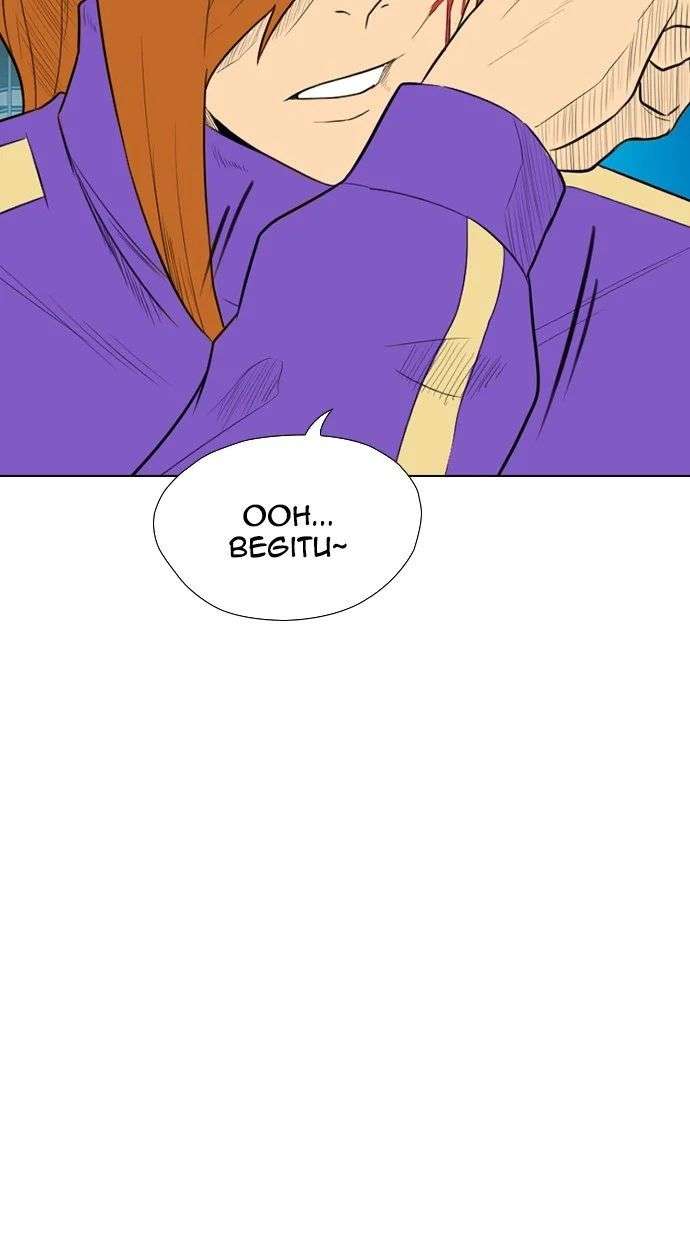 Reawaken Man Chapter 160 Image 61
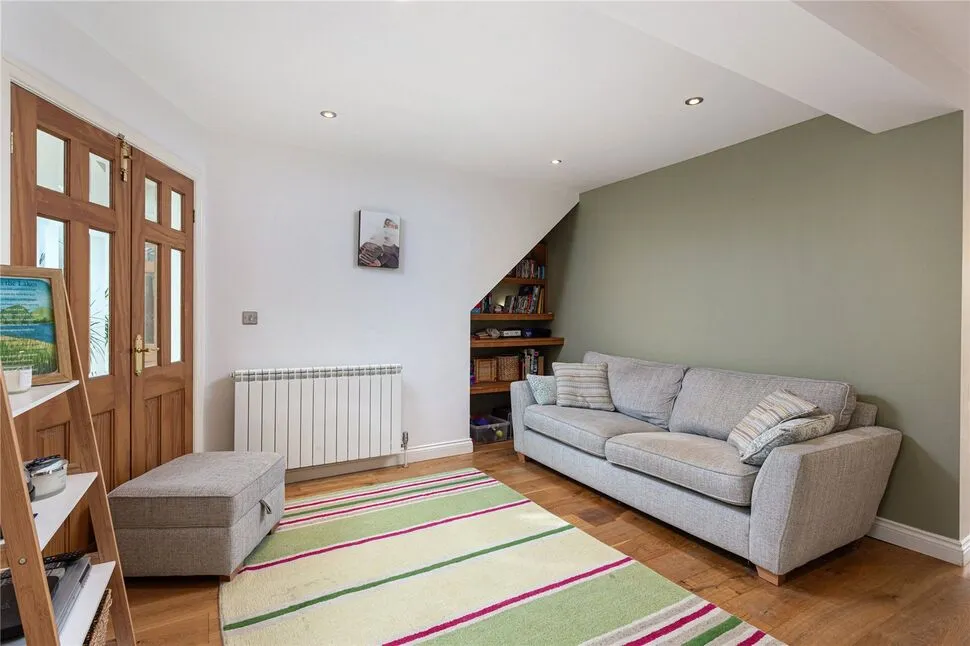 Park Gate, Strensall, North Yorkshire, YO32, photo 11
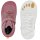 Billie Sneaker Tex rose - 33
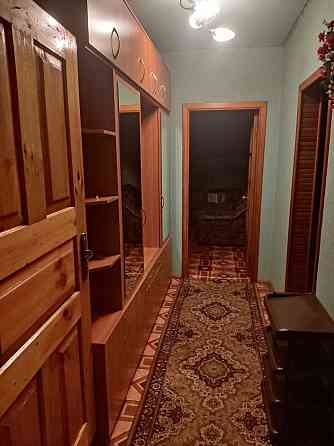 Сдам 2к квартиру на пл.Будённого Донецк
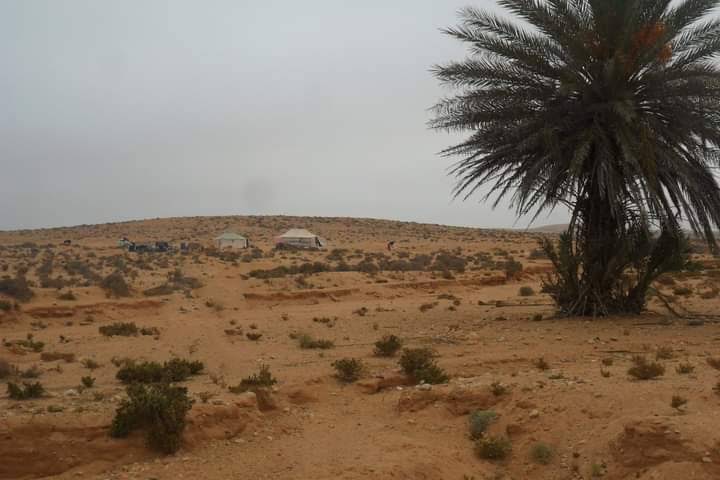 زاوية دادا نصرة‎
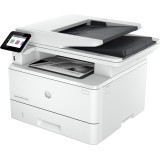 HP LaserJet Pro MFP 4102dw Stampante laser A4 1200 x 1200 DPI 40 ppm Wi-Fi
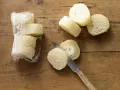 Harzer Roggenbrot Zubereitung Schritt 1 Harzer Roggenbrot Zubereitung Schritt 1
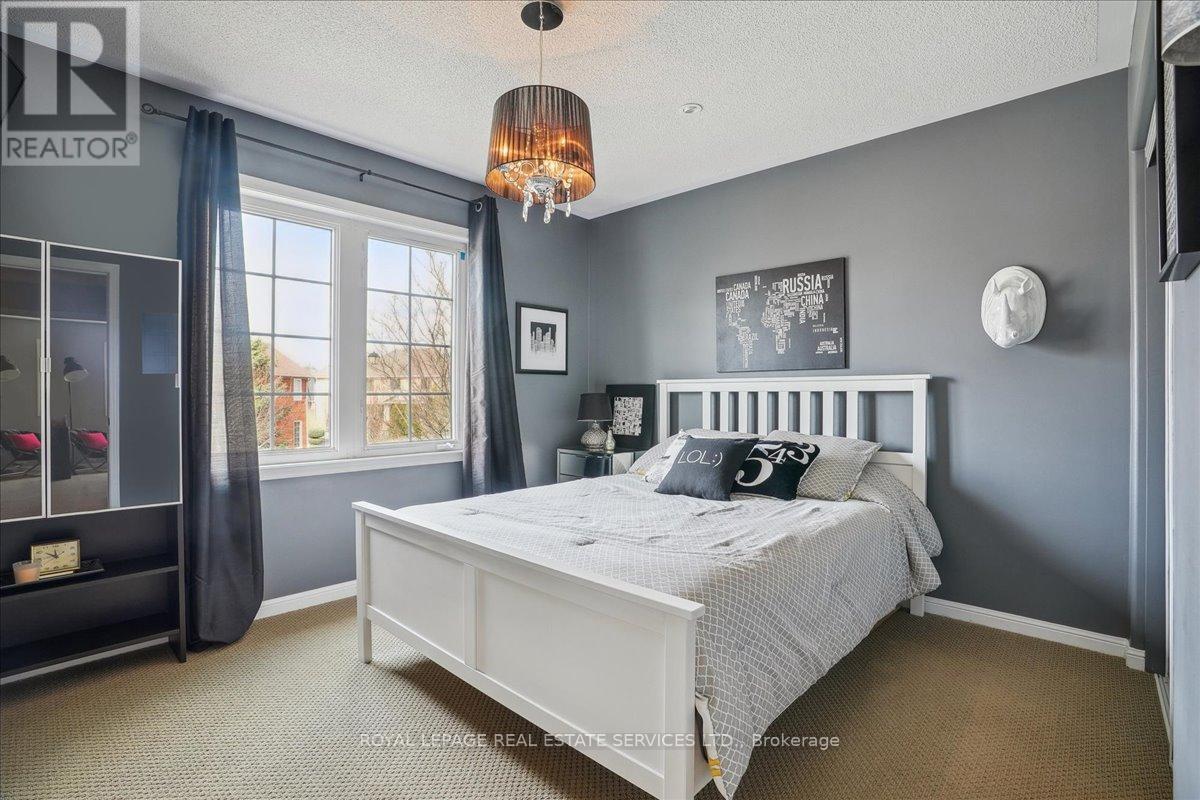 












5956 CHERCOVER COURT

,
Burlington,




Ontario
L7L6T2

※ ※ ※

**Instructions for the task**
Set each line of the records down exactly, leaving every picture out.

**Output below**
 Reawaken Man Chapter 160 Image 61
 Park Gate, Strensall, North Yorkshire, YO32, photo 11
 Billie Sneaker Tex rose - 33
 Сдам 2к квартиру на пл.Будённого Донецк
 زاوية دادا نصرة‎
 HP LaserJet Pro MFP 4102dw Stampante laser A4 1200 x 1200 DPI 40 ppm Wi-Fi
 Harzer Roggenbrot Zubereitung Schritt 1 Harzer Roggenbrot Zubereitung Schritt 1












5956 CHERCOVER COURT

,
Burlington,




Ontario
L7L6T2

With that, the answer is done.